7. Un dominio variable de inmunoglobulina único para su uso en terapia de acuerdo con la reivindicación 6, en el que dicho dominio tiene la secuencia de aminoácidos de la SEQ ID NO 16 y se usa para tratar una enfermedad seleccionada de: lesión pulmonar aguda y síndrome de insuficiencia respiratoria aguda.

8. Un ácido nucleico aislado o recombinante que codifica un dominio variable de inmunoglobulina único de acuerdo con la reivindicación 1.

9. Un ácido nucleico aislado o recombinante que codifica un dominio variable de inmunoglobulina único de acuerdo con la reivindicación 1 en el que dicho ácido nucleico tiene la secuencia de la SEQ ID NO 22.

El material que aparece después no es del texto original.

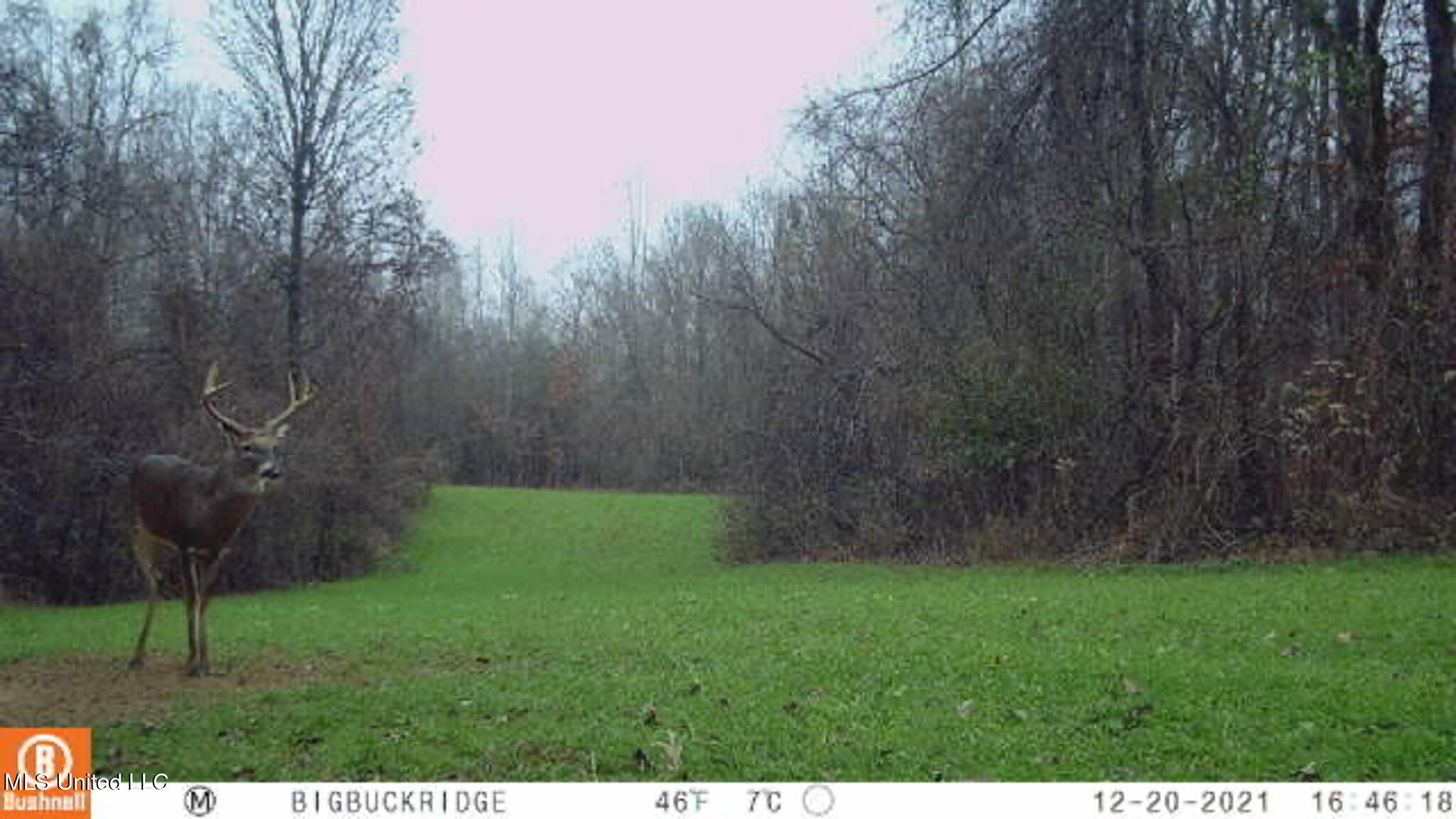 2286 Rosebank Mount Olive Rd Road Property Photo 155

10. Un vector que comprende el ácido nucleico de la reivindicación 8 o 9.

11. Una célula hospedadora que comprende el ácido nucleico de la reivindicación 8 o 9 o el vector de la reivindicación 10.

12. Una composición farmacéutica que comprende un dominio variable de inmunoglobulina único de la reivindicación 1 y un vehículo, excipiente o diluyente farmacéuticamente aceptable.